C’est une ironie de l’Histoire : le fameux « front républicain » que l’on brandissait jadis pour empêcher Marine Le Pen d’accéder au pouvoir se retourne désormais contre Jean-Luc Mélenchon. D’après un sondage Odoxa-Backbone, 58 % des Français sont prêts à se coaliser pour barrer la route à l’Insoumis, soit davantage qu’en cas de duel avec le Rassemblement national.
Autrement dit : le « vote barrage » n’a pas disparu, il a simplement changé de cible.
Et il faut dire que la lassitude est immense. En juillet 2024, les désistements massifs imposés aux Français pour contrer le RN avaient fini par exaspérer. Un an plus tard, plus de la moitié des électeurs désapprouvent ce cordon sanitaire, y compris dans les rangs macronistes. Résultat : le réflexe anti-RN s’érode, mais l’hostilité envers les Insoumis prospère.
Car Mélenchon paye le prix de ses outrances permanentes, de son radicalisme assumé et de ses accointances idéologiques avec les extrêmes de la gauche. Même les électeurs d’Anne Hidalgo et de Yannick Jadot, pourtant peu suspects de penchants nationalistes, sont une majorité à dire stop. Le « front anti-LFI » transcende désormais les clivages, jusqu’à séduire une partie des électeurs de la droite classique, dont plus de la moitié n’hésiteraient pas à préférer un candidat RN plutôt qu’un représentant de la gauche unie.
Le constat est clair : dans l’esprit des Français, Marine Le Pen et Jordan Bardella ne sont plus le croquemitaine que les élites s’acharnaient à brandir. C’est Mélenchon qui, aujourd’hui, incarne la menace. Le tribun septuagénaire, qui rêve encore d’une quatrième candidature présidentielle, découvre que le « front républicain » qu’il avait applaudi lorsqu’il visait le RN se retourne comme un boomerang contre sa propre personne.
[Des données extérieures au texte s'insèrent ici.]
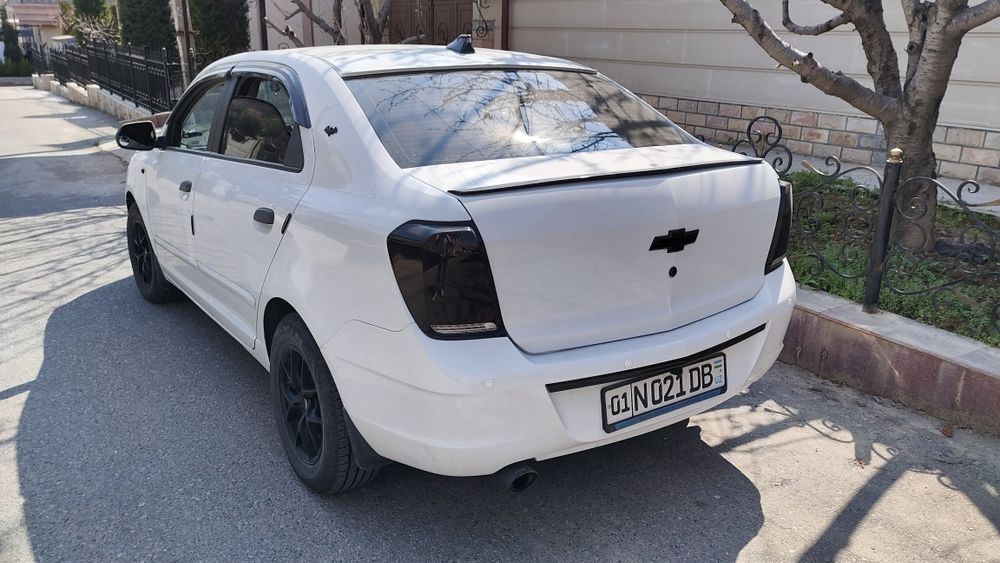 Продам Cobalt автомат 2018 года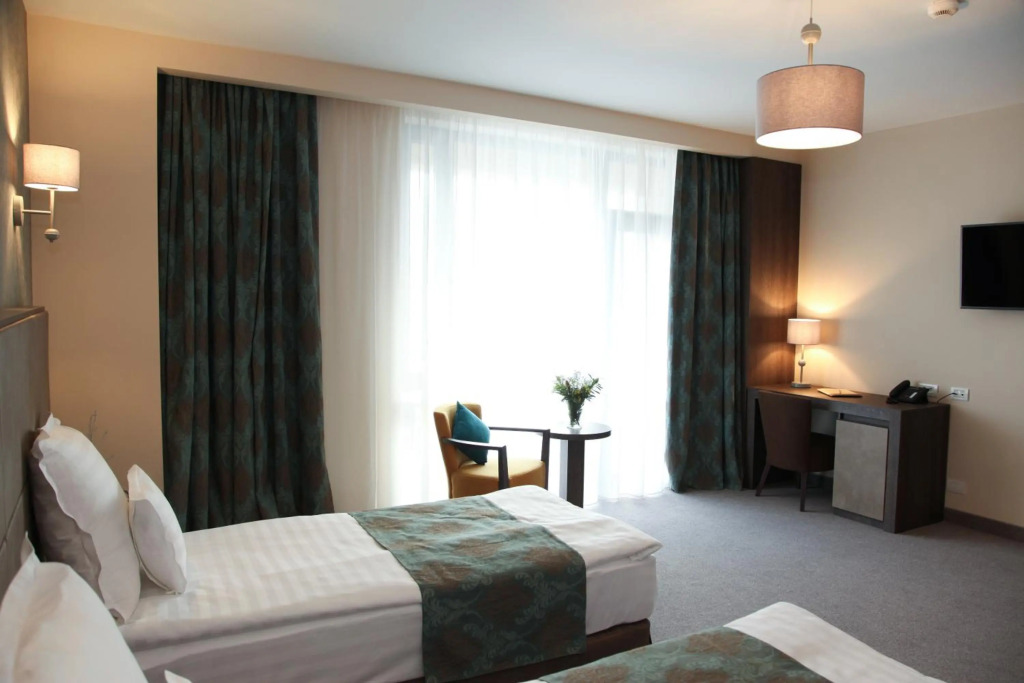 Victoria Bulevard Hotel - 664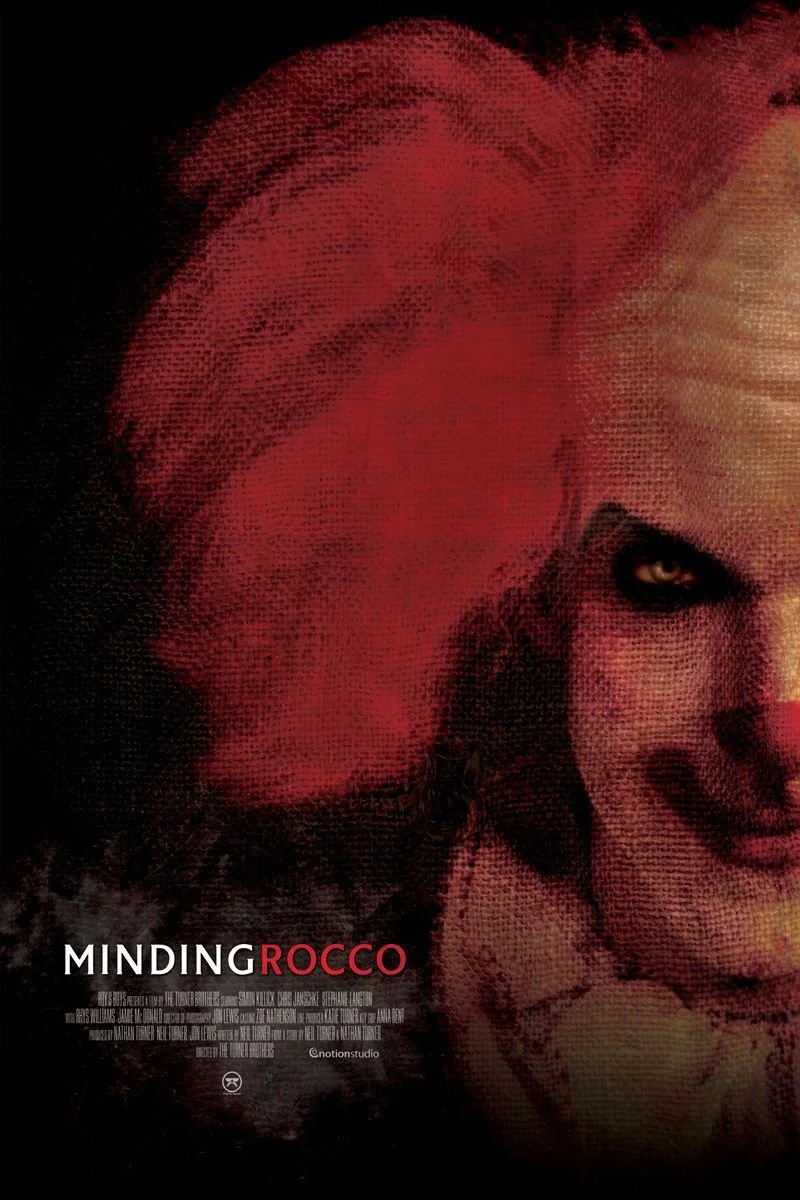 Affiche de Minding Rocco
Derrière ces chiffres, c’est tout un paysage politique qui se redessine. Le « bloc central » macroniste, impopulaire et usé, n’a plus la force d’imposer sa grille de lecture. Le RN, malgré les diabolisation successives, s’installe peu à peu comme une force politique normalisée, au point d’apparaître moins repoussoir que les Insoumis. Quant à Mélenchon, il se retrouve prisonnier de son image de leader radical et sectaire, incapable de rassembler au-delà de son noyau dur.
Le « front républicain » n’est donc pas mort : il a simplement changé d’adresse. La gauche qui l’a instrumentalisé pendant des années découvre avec amertume qu’il peut aussi s’appliquer à elle.